Alleged coaching protocol breach adds to England's World Cup misery
The death throes of England's World Cup have continued with the news they are being investigated for an alleged breach of protocol by communicating with matchday officials during Saturday's 33-13 rout by Australia.
World Rugby are to probe the hosts over an incident involving two members of the coaching staff reported to have taken place in the tunnel at Twickenham at half-time. Sanctions include a touchline ban and/or a fine.
No names have been released, nor has the nature of the conversation, although England trailed 17-3 at the interval following a half in which their scrum had struggled, while Wallabies openside Michael Hooper has escaped punishment for a shoulder charge on Mike Brown.
"We're aware there is a discussion going on with World Rugby and England. We'll let the process take its course and we'll comment after that. I don't actually know what the allegations are," backs coach Andy Farrell said.
The investigation has come at a painful time for England, whose mood Farrell described as one of "mourning" following Saturday's exit from the World Cup after a mere 16 days, a fate decided by Wallabies' rampage through Twickenham.
The positions of head coach Stuart Lancaster and his assistants are to be reviewed and details are already emerging of disquiet within the playing squad over the influence of Farrell in selection and tactics and the management's determination to pick Sam Burgess.
When the notion of unrest was put to Farrell - who denied a charge of nepotism after his son Owen replaced George Ford at fly-half against Wales and Australia - it was met with a flat denial.
"Sam worked unbelievably hard and has given his all to team. It's unfair to comment on a situation like that. I don't think players would say this," Farrell said.
"A player was in a selection meeting now? Is that how the process works? The four of us coaches meet together and we have a discussion on selection.
"You all put your two pennies' worth in and then ultimately Stuart makes the call and we all buy into that, no matter what the discussions were beforehand.
"We have all been unanimous in selection and nothing has ever changed in the last three and a half years. The head coach makes the final decision and that's that."
Farrell offered an impassioned defence of Lancaster, who will spend the week preparing England for Saturday's clash with minnows Uruguay in Manchester.
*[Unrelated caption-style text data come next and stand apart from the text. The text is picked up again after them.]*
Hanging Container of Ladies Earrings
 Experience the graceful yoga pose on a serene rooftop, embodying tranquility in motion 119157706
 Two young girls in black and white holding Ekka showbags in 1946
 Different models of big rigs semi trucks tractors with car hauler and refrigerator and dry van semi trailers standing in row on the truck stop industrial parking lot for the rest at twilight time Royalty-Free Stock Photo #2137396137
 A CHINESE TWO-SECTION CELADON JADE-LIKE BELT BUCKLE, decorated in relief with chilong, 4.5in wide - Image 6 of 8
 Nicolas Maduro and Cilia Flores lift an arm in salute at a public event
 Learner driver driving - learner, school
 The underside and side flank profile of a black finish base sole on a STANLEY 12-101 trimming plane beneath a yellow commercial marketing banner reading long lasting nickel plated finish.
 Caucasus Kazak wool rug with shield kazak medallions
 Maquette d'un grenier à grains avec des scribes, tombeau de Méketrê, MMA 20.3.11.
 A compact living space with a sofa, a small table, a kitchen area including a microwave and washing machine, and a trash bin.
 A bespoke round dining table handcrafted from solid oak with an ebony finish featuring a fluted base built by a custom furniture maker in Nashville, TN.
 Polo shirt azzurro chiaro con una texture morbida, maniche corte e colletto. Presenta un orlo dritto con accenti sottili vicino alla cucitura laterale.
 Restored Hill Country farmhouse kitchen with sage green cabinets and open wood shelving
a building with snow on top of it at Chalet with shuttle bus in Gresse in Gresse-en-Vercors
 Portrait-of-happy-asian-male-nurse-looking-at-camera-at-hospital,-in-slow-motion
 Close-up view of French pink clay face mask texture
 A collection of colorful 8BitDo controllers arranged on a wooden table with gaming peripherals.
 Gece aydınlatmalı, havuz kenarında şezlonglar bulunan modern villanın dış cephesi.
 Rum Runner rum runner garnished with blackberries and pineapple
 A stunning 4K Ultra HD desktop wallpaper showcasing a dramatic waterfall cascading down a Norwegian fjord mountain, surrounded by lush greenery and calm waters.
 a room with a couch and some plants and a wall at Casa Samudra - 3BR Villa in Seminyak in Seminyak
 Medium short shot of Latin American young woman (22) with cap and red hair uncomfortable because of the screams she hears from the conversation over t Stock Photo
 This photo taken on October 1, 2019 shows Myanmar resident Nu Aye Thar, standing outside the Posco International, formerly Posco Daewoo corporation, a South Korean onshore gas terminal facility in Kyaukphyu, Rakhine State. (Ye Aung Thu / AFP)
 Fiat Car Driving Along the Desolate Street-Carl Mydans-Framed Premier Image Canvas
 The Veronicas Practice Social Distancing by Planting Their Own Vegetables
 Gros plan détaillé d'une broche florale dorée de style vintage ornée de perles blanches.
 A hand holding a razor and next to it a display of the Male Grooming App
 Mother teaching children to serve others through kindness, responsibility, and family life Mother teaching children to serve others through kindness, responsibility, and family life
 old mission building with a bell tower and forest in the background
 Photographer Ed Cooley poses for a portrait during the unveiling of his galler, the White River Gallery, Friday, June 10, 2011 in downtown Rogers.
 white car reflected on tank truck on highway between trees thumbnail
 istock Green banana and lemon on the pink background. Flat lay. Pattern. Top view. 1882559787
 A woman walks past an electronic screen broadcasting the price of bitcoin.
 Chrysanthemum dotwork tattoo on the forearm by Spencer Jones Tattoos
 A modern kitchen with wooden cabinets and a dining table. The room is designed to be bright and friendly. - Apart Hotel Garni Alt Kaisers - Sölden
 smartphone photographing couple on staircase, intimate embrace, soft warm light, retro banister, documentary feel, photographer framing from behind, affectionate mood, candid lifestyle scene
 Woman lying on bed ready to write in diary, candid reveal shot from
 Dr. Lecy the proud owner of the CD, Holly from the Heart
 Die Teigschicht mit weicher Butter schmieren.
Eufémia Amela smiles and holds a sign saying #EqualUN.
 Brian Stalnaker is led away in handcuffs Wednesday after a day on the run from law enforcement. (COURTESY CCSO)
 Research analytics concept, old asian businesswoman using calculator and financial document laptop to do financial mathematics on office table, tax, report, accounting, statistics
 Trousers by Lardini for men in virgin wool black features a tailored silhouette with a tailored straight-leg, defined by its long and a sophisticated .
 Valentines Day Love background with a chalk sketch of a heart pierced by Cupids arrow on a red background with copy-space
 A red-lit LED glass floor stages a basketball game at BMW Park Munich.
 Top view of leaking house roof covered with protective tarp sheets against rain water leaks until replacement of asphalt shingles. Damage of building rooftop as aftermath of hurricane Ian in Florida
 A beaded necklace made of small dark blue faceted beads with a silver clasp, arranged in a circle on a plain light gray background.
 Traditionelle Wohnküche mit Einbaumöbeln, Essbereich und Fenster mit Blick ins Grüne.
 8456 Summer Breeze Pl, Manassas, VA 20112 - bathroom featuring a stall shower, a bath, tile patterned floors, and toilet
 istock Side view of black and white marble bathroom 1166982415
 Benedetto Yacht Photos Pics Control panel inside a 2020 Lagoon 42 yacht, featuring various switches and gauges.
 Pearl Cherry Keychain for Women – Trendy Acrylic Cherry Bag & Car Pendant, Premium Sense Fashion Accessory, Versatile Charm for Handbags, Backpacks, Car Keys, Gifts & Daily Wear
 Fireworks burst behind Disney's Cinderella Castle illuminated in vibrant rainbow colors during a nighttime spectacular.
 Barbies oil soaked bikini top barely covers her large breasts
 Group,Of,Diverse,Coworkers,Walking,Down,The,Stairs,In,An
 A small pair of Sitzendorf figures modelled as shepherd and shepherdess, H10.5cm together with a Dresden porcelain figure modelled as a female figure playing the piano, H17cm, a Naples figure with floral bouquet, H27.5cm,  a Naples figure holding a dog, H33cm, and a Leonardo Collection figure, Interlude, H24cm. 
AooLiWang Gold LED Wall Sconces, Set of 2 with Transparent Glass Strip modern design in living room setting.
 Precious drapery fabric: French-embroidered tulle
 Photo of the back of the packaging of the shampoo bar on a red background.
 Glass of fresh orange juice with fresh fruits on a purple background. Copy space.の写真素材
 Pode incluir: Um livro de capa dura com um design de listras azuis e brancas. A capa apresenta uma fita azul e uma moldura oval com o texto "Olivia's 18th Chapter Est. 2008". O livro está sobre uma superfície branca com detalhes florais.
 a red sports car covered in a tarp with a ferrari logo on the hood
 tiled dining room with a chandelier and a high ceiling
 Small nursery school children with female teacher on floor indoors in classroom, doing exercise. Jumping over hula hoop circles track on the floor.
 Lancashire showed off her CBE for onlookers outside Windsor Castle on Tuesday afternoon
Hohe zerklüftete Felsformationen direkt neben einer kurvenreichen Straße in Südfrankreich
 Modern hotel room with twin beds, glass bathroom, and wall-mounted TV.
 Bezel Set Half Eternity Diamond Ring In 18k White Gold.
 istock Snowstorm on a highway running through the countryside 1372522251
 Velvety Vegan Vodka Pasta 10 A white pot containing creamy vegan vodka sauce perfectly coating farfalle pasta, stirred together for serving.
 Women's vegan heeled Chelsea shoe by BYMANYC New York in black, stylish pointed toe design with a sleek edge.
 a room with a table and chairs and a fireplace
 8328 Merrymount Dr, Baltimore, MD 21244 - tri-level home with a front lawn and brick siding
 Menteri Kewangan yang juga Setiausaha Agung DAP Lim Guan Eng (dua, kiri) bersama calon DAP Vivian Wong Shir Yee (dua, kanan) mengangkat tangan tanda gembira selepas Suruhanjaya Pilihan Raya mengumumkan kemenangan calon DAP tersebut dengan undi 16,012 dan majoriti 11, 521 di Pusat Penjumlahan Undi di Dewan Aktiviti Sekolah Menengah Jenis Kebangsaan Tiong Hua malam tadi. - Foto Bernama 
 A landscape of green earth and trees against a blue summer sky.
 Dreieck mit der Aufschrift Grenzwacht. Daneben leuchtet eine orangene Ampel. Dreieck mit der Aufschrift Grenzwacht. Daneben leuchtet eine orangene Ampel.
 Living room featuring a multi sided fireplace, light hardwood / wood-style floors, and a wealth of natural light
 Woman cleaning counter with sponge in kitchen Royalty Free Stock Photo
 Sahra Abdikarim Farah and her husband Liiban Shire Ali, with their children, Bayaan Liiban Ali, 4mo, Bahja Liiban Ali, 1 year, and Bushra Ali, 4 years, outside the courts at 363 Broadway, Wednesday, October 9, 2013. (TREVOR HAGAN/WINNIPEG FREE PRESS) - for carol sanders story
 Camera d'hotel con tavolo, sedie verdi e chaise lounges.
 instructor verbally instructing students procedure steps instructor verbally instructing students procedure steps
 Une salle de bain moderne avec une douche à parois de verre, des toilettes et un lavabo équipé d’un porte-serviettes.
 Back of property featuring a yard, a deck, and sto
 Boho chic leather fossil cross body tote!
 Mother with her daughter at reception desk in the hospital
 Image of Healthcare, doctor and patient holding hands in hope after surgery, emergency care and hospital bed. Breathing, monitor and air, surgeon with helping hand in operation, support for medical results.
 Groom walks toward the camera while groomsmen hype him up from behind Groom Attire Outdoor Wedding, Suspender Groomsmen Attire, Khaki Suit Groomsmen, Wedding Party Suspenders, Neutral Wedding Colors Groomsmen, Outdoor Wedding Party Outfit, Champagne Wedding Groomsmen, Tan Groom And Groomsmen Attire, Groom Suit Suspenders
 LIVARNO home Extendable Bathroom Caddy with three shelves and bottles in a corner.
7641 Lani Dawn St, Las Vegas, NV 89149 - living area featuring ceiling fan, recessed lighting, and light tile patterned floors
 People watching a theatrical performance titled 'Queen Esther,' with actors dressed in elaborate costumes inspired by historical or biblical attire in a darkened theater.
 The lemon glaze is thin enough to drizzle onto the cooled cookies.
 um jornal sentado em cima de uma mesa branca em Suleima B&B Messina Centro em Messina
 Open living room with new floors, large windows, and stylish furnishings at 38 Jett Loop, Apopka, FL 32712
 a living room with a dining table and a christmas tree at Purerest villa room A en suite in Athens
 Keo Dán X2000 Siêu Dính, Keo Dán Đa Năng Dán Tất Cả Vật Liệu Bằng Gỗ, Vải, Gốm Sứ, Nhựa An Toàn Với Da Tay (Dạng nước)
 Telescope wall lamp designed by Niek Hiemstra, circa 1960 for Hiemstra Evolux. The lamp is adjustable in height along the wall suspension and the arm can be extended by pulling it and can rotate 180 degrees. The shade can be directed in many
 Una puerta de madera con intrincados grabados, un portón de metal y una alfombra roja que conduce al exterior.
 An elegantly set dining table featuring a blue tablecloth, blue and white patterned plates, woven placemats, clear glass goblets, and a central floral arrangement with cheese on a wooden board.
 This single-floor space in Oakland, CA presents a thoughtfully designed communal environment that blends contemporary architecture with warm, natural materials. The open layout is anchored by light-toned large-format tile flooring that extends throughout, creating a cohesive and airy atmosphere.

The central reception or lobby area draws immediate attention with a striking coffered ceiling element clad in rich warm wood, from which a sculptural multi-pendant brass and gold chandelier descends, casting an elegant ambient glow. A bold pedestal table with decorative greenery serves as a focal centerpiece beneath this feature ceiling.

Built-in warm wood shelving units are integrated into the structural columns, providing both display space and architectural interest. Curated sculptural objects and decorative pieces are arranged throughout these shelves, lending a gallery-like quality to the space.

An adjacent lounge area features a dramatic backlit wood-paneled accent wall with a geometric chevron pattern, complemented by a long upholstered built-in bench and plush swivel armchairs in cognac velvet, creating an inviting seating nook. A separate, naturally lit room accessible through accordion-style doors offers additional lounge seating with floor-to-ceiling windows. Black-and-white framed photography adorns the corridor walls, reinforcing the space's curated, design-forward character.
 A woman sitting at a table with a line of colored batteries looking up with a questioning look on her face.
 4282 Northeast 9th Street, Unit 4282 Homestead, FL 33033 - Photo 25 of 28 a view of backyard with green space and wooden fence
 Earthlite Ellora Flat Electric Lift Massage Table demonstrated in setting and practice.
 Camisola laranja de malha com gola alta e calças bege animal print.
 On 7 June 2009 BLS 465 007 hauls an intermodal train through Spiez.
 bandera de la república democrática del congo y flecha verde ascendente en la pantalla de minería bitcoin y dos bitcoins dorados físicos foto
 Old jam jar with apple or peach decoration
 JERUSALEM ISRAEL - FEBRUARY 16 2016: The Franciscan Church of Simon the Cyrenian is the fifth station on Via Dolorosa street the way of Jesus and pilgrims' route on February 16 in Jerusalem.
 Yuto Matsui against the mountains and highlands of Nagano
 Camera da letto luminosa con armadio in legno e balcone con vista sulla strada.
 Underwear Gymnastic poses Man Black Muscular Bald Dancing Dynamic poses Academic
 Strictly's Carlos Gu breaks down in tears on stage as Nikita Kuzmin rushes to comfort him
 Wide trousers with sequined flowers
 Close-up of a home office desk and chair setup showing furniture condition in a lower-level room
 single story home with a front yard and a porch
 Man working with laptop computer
The team will be announced on Tuesday lunchtime.
"Stuart is a brilliant coach who has done wonders for this team and connected everyone back to this team," Farrell said.
"We have lost two games and people will try to define us by those two defeats, but what Stuart has built here was more than that.
"This campaign, this whole three and a half years under Stuart's leadership, has been built on rock-solid foundations.
"He has done marvellous things for this country. I thank him for the hard graft he's put in.
"He's the proudest Englishman and the hardest working Englishman I have ever met. It's been an absolutely privilege to work for such a caring guy.
"There's devastation in the camp. We feel like we have let everyone down. We are all mourning together, but Stuart's had a brilliant chat with the guys. We have got to man up. We have a job to do."